Equivalence between \phi(x) and k(x,\cdot).

\langle k(x, \cdot), k(x', \cdot) \rangle = k(x, x')

Probabilities in Feature Space: The Mean Trick

Mean Embedding

\mu_k(\mathbb{P}) \coloneqq \int_\mathcal{X} \underbrace{\psi(x)}_{k(\cdot,x)} d\mathbb{P}(x) \in \mathcal{H}_k

Maximum Mean Discrepency (MMD)

\text{MMD}_k(\mathbb{P}, \mathbb{Q}) \coloneqq || \mu_k(\mathbb{P}) - \mu_k(\mathbb{Q}) \in ||_{\mathcal{H}_k}

Hilbert-Schmidt Independence Criterion (HSIC)

\text{HSIC}_k(\mathbb{P}) \coloneqq \text{MMD}_k(\mathbb{P}, \otimes_{m=1}^M \mathbb{P}_m)

Given \mathbb{P} a Borel probability measure on \mathcal{X}, we can define a feature map \mu_P \in \mathcal{F}.

\mu_P = \left[ \ldots \mathbb{E}_P\left[ \varphi_i(\mathbf{x}) \right] \right]

Given a positive definite kernel k(x,x'), we can define the expectation of the cross kernel as:

\mathbb{E}_{P,Q}k(\mathbf{x,y}) = \langle \mu_P, \mu_Q \rangle_\mathcal{F}

for x \sim P and q \sim Q. We can use the mean trick to define the following:

\mathbb{E}_P (f(X)) = \langle \mu_P, f(\cdot) \rangle_\mathcal{F}

Covariance Measures

Uncentered Kernel

\text{cov}(\mathbf{X}, \mathbf{Y}) =||K_{\mathbf{xy}}||_\mathcal{F} =\langle K_\mathbf{x}, K_\mathbf{y} \rangle_\mathcal{F}


Centered Kernel


Hilbert-Schmidt Independence Criterion (HSIC)

\text{cov}(\mathbf{X}, \mathbf{Y}) =||\tilde{K}_{\mathbf{xy}}||_\mathcal{F} =\langle \tilde{K}_\mathbf{x}, \tilde{K}_\mathbf{y} \rangle_\mathcal{F}

Maximum Mean Discrepency (MMD)

\text{cov}(\mathbf{X}, \mathbf{Y}) = ||K_\mathbf{x}||_\mathcal{F} + ||K_\mathbf{y}||_\mathcal{F} - 2\langle \tilde{K}_\mathbf{x}, \tilde{K}_\mathbf{y} \rangle_\mathcal{F}

Source


Kernel Matrix Inversion

Sherman-Morrison-Woodbury

(A + BCD)^{-1} = A^{-1} - A^{-1}B(C^{-1} + DA^{-1}B)^{-1}A^{-1}

Matrix Sketch

(LL^\top + \sigma I_N)^{-1} = \sigma^{-1} I_N - \sigma^{-1} (\sigma I_{n} + L^\top L)^{-1} L^{\top}

Kernel Approximation

Random Fourier Features

K \approx ZZ^\top

Nystrom Approximation

K \approx C W^\dagger C^\top

According to ... the Nystroem approximation works better when you want features that are data dependent.
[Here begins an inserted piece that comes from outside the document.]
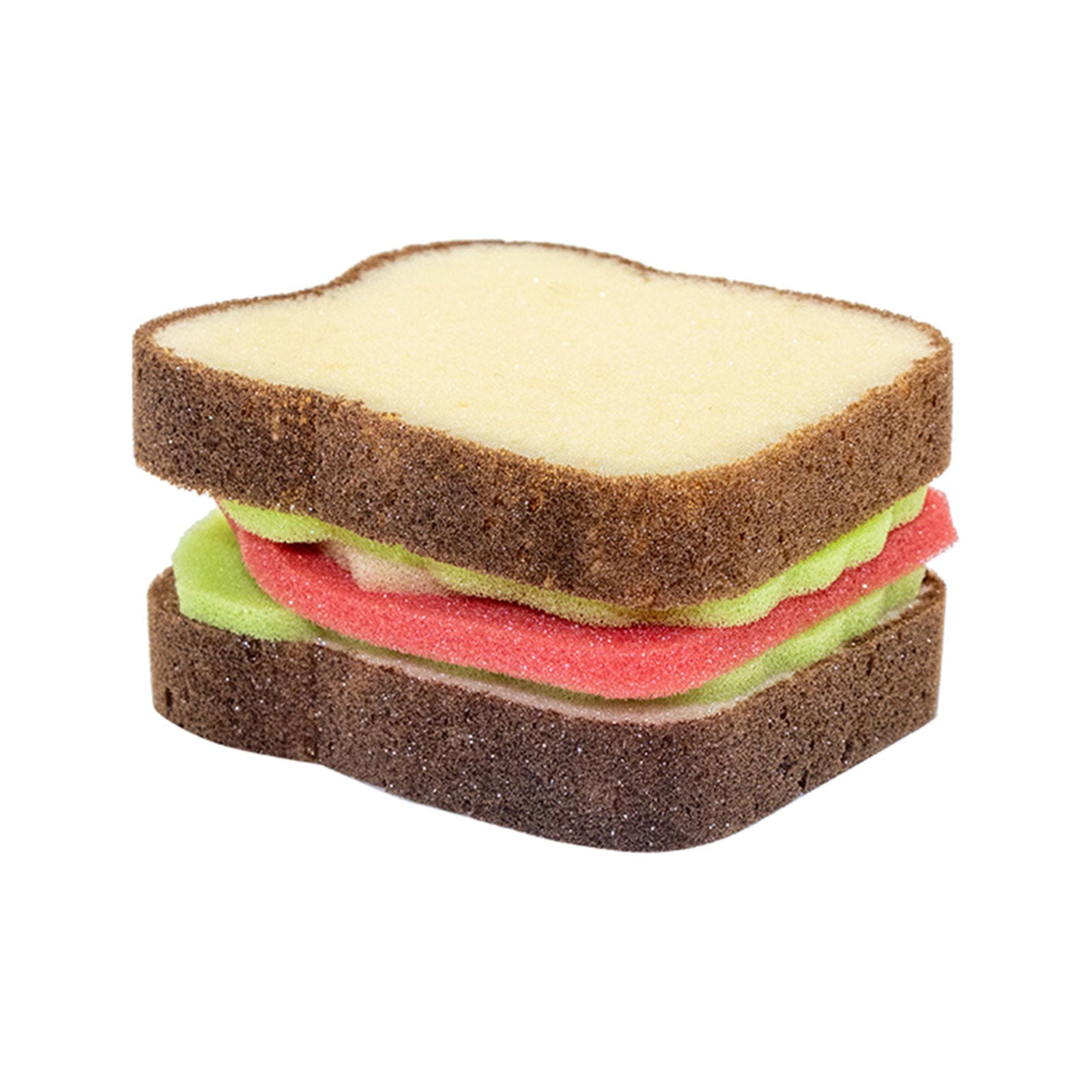 Bread Dishwashing Sponge Effective Cleaning Tool For Dishes And Kitchen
The RFF method assumes a basis function and it is irrelevant to the data. It's merely projecting the data into the independent basis. The Nystroem approximation forms the basis through the data itself.

Resources

  • A Practical Guide to Randomized Matrix Computations with MATLAB Implementations - Shusen Wang (2015) - axriv

Structured Kernel Interpolation

\begin{aligned} K &\approx C W^\dagger C^\top \\ &\approx (XW) W^\dagger (XW)^\top \\ &\approx X W X^\top \end{aligned}

Correlation Measures


Uncentered Kernel


Kernel Alignment (KA)

\rho(\mathbf{X}, \mathbf{Y}) =\frac{\langle \tilde{K}_\mathbf{x}, \tilde{K}_\mathbf{y} \rangle_\mathcal{F}}{||\tilde{K}_\mathbf{x}||_\mathcal{F}||\tilde{K}_\mathbf{y}||_\mathcal{F}}

In the Literature

  • Kernel Alignment

Uncentered Kernel


Centered Kernel Alignment (cKA)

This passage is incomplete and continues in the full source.